Si las editoriales producen tan solo los libros cuyas ventas devuelven la mayor ganancia, si los editores abandonan los criterios de la industria intelectual y se convierten en brokers de best sellers, si prescinden del catálogo sobre el que se cimentó su oficio, si hacen pasta de papel con los ejemplares de su fondo editorial, si acuden a las subastas multimillonarias atraídos por nombres o marcas tan famosos como desconocidos… si todo esto tiene lugar en el seno de las viejas casas editoriales, entonces ¿de qué sirve un editor?

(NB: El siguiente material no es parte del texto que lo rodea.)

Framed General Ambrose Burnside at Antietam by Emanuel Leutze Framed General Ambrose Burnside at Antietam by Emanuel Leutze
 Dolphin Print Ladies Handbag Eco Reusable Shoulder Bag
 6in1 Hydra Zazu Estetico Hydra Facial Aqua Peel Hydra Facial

Si el autor no puede disponer del consejero íntimo en el que apoyar una lectura consecuente de su manuscrito, si el autor no puede confiar en la autoridad del sello editorial que respalda la aparición de su obra, si el autor no puede aprovechar el contagio de los grandes nombres que figuran en el catálogo del buen editor… si nada de todo eso se puede encontrar tras la puerta de la casa editorial que antes le prestó cobijo, entonces, ¿para qué tocar esa puerta?
Una vez consumada la traumática transformación de la industria editorial, la aparición de los chacales será inevitable: en realidad el oficio de un agente como Andrew Willie se reduce a saber ser hostil y obtener del ejecutivo editorial un buen anticipo y una buena promoción.
Para este tipo de agente literario, que en realidad no consigue ser más que un astuto subastador, el directivo editorial no necesita saber nada de las materias que publica: ya es bastante con que sepa firmar un talón al portador.
Las garantías las ofrece el agente a sus representados mediante un mensaje: no importa ya qué sello editorial publique tus obras. Lo único que importa es que se mantengan en el escaparate de las librerías el mayor tiempo posible. Que aparezca en los medios de comunicación el suficiente número de veces. Que sea citada por locutores y famosos. Eso es lo que importa. Y de eso me encargo yo.
El editor fue el consejero del autor en la era de la industria cultural y el agente -(¿literario?)- quiere ser el gestor del autor en la era de la industria del entretenimiento.
Esta es la mutación que padecemos. El capital salvaje -la pretensión codiciosa de una rentabilidad desmesurada- se apodera de las editoriales y al modernizarlas, las destruye. Las transforma para satisfacer esa tendencia del consumo masivo que en lugar de querer saber, quiere divertirse; en lugar de querer aprender, quiere entretenerse.
Este proceso de mutación, sin embargo y afortunadamente, se vive con incertidumbre. Aunque los hábitos dominantes parezcan inclinarse hacia la banalidad y la estupidez, la confusión de valores y la ausencia de pensamiento crítico, no todo está perdido.
Existen casas editoriales, existen editores y existen agentes literarios y todos ellos pertenecen, con el autor, a una red de equilibrios sociales, a una estructura de relaciones económicas propias de la industria cultural. Es un tejido de compromisos, efectivamente, pues la viabilidad del negocio depende precisamente de un marco de colaboración que va más allá de lo simplemente monetarista.
El compromiso con la historia, el futuro y el presente de la alta cultura europea sigue vivo entre muchos de los que mientras se dedican al oficio de los libros -autores, editores, agentes literarios, críticos, periodistas y libreros-, trabajan para renovar una tradición imprescindible.
Por eso, precisamente, algunos agentes, fascinados por la voracidad de Wall Street, enervados y tan impacientes como descarados, desean liquidar cuanto antes los baluartes de nuestro oficio y con poca disimulada ansiedad declaran que el editor no es nada, nada.